Segmentation fault in JetPack 5.1 container when using CUDA device in PyTorch

Platform: Xavier NX with JetPack 5.1 (rev. 1) installed with SDK Manager.
I pulled latest (5.1) Docker image from here:

Inside container (which I run by official instruction in the link above, using --runtime=nvidia), I get Segmentation fault (core dumped) error thrown by this code:
Code:

import torch
import torch.nn as nn

print(f'PyTorch version: {torch.__version__}')
print(f'CUDA available: {torch.cuda.is_available()}')
print(f'CUDA version: {torch.version.cuda}')
device = torch.device('cuda')
m = nn.Conv1d(7, 64, 1, bias=False, device=device)
input = torch.randn(100, 7, 32).to(device)
print('start')
output = m(input)
print('end')
print(output.shape)

Output:

PyTorch version: 2.0.0a0+ec3941ad.nv23.02
CUDA available: True
CUDA version: 11.4
start
Segmentation fault (core dumped)

Nevertheless, if I set device = torch.device('cpu'), it works fine:
Output:

PyTorch version: 2.0.0a0+ec3941ad.nv23.02
CUDA available: True
CUDA version: 11.4
start
end
torch.Size([100, 64, 32])

Why CUDA throws segmentation fault? Can I fix this?

Hi,

We are going to reproduce this issue.
Will share more information with you later.

Thanks.

Additional info about my setup:

  • In SDK Manager I chose to install Jetson Linux and Jetson Runtime Components, but no Jetson SDK Components (as 16 GB of internal eMMC memory was not enough for it).
  • I configured Docker to store its images and containers on external SD Card (the same reason: 16 GB is too small). External SD Card (SanDisk Extreme 128 GB) attached to NX carrier board via USB port (I used USB-to-SD adapter).

Hi,

We have tested the l4t-pytorch:r35.2.1-pth2.0-py3 on XavierNX.
The sample can run correctly.

...
>>> print('start')
start
>>> output = m(input)
>>> print('end')
end
>>> print(output.shape)
torch.Size([100, 64, 32])

In case there are some issues when setting up the environment.
Could you reflash the system and try it again?

Thanks.

I flashed again with the same parameters and I still get Segmentation fault. I suspect it can be caused by docker root directory being on external drive. How your setup looks? Are your OS, docker and docker root dir on the same drive?

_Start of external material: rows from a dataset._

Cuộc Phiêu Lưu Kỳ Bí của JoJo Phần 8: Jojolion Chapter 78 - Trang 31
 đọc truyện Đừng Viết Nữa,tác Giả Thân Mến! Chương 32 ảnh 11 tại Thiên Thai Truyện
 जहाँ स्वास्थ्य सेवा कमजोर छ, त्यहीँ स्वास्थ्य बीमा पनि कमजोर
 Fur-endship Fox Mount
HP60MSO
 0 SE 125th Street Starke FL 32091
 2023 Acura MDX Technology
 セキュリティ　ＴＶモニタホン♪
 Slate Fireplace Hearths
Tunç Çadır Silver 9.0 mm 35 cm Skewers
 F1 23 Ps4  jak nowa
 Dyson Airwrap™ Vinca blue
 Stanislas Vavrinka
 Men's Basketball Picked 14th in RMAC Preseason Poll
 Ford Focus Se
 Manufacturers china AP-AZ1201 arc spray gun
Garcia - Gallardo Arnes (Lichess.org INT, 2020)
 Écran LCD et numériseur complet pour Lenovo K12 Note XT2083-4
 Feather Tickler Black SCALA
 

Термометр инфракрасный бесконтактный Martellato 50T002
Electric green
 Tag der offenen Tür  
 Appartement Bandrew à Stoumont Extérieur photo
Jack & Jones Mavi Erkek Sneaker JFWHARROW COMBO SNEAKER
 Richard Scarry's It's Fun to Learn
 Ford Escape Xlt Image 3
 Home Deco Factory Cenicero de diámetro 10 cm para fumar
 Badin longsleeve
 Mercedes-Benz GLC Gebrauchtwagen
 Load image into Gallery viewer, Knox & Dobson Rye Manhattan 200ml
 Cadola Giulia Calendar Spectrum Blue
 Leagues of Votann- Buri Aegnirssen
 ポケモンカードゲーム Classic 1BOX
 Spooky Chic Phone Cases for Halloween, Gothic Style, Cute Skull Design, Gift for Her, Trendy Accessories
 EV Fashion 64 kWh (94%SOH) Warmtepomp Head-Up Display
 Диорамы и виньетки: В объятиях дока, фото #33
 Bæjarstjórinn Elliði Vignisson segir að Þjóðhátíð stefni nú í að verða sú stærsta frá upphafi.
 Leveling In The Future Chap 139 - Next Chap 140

I moved both rootfs and docker root to sd card and tried again and I still get Segmentation fault while trying to use cuda inside pytorch inside container. I have no idea what else to try…

From your code snippet it is not clear if you used GPU or CPU. On CPU my code also works fine as I described in my question.

Hi,

We run it with GPU and our container is also saved on an external SSD.

device = torch.device('cuda')

Could you try if CUDA can work on your environment (inside the container)?
Please download the CUDA sample below and run the deviceQuery example.

Thanks.

This topic was automatically closed 14 days after the last reply. New replies are no longer allowed.